What is expected =
Give every entry again, unchanged, and leave its images out.

Short descriptive text snippets =
-- Opening Marker --

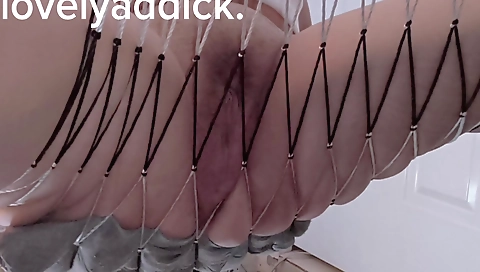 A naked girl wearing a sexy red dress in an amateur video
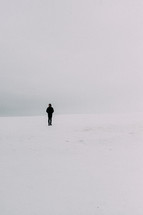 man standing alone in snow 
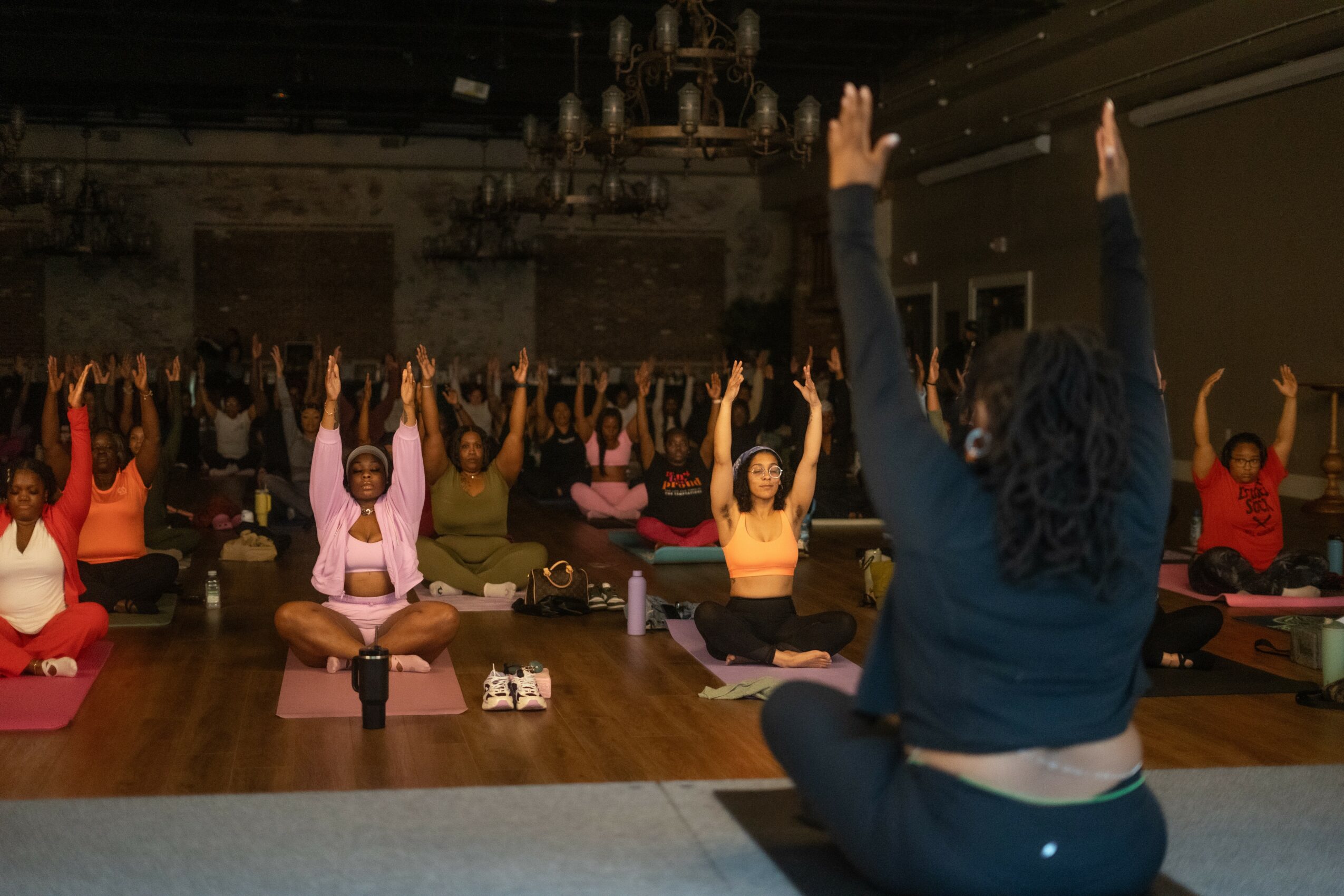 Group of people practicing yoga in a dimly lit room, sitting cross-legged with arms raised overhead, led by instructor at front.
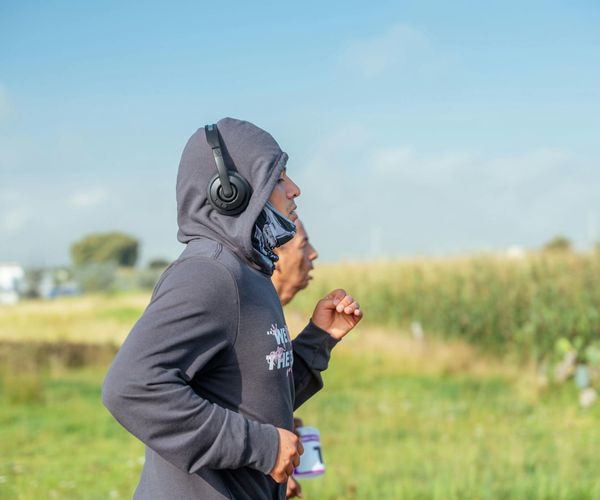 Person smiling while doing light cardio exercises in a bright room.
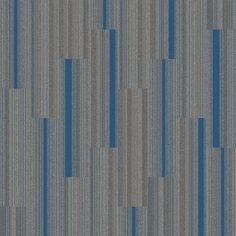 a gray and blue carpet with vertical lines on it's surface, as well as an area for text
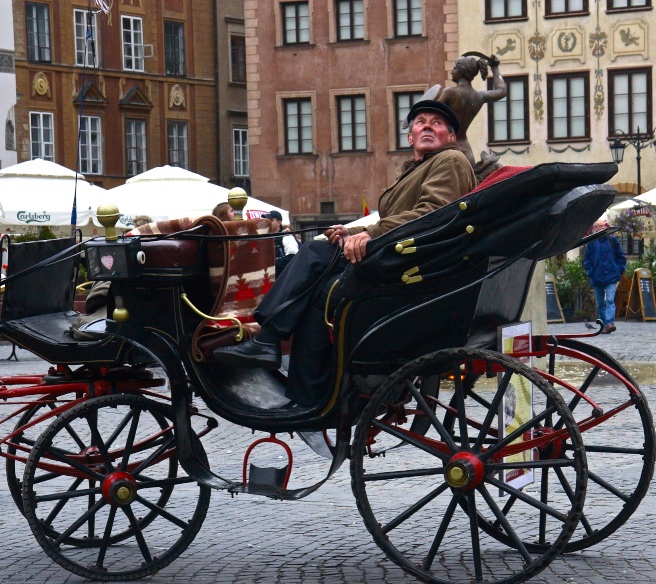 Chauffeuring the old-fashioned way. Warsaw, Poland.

-- Closing Marker --

Answer box =
 A naked girl wearing a sexy red dress in an amateur video
 man standing alone in snow 
 Group of people practicing yoga in a dimly lit room, sitting cross-legged with arms raised overhead, led by instructor at front.
 Person smiling while doing light cardio exercises in a bright room.
 a gray and blue carpet with vertical lines on it's surface, as well as an area for text
 Chauffeuring the old-fashioned way. Warsaw, Poland.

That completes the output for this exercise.